What you will do:
Copy out all of the lines below exactly; the pictures do not belong in the copy.

Recorded information:
──────────────────────────────

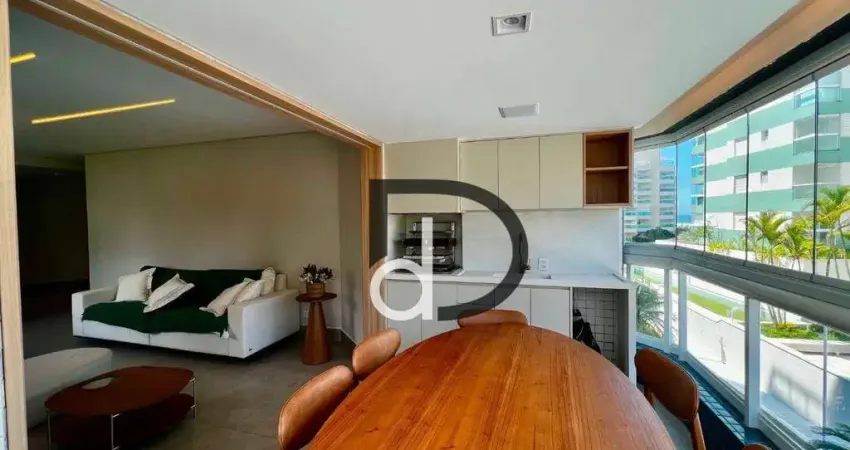 Apartamento à venda, 114 m² por R$ 4.500.000,00 - Riviera de São Lourenço - Bertioga/SP
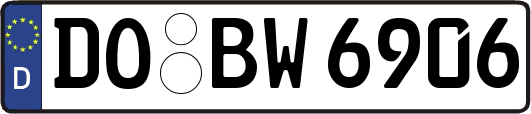 DO-BW6906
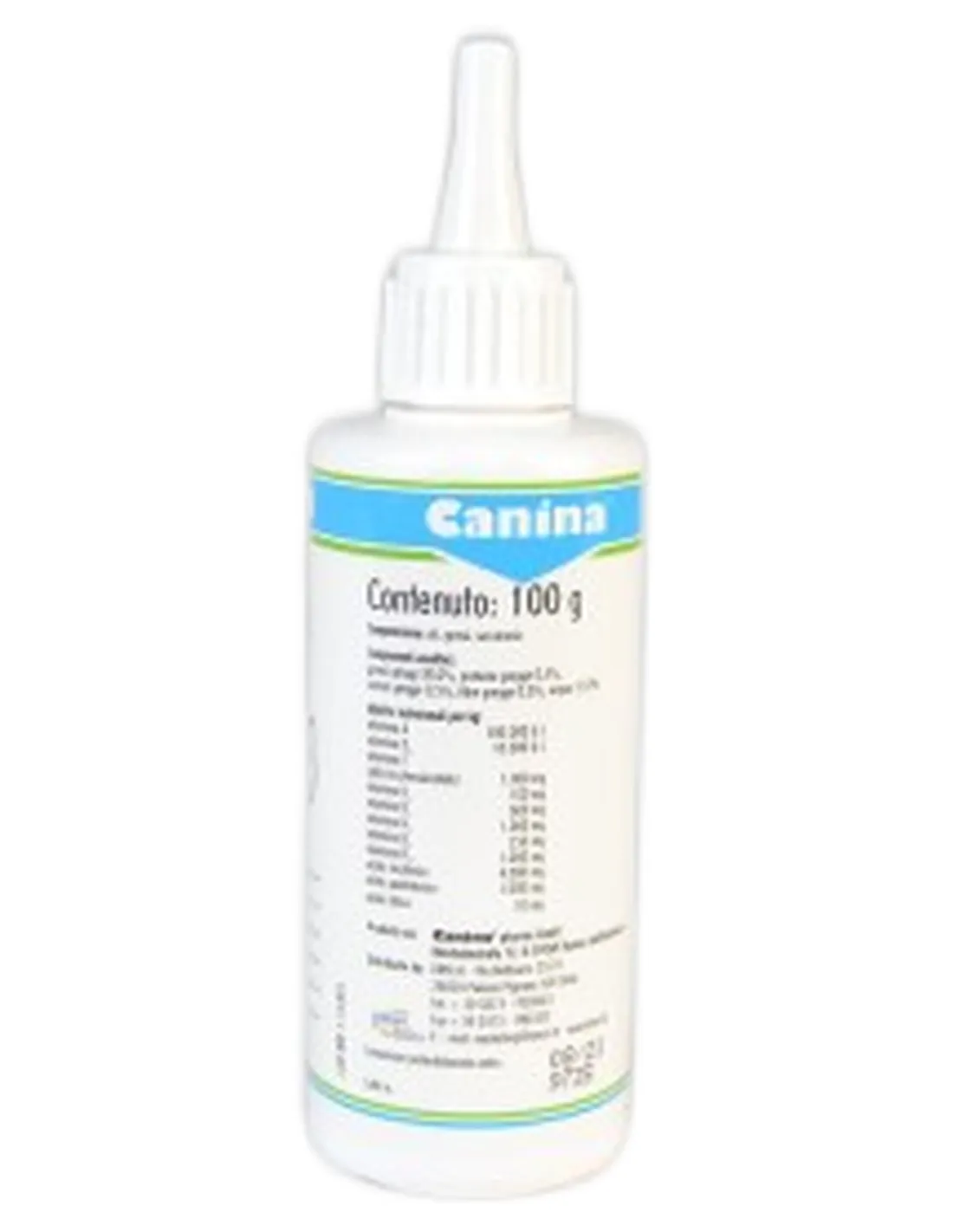 Canivita DRN sospensione orale flacone 100 ml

──────────────────────────────

Written answer:
 Apartamento à venda, 114 m² por R$ 4.500.000,00 - Riviera de São Lourenço - Bertioga/SP
 DO-BW6906
 Canivita DRN sospensione orale flacone 100 ml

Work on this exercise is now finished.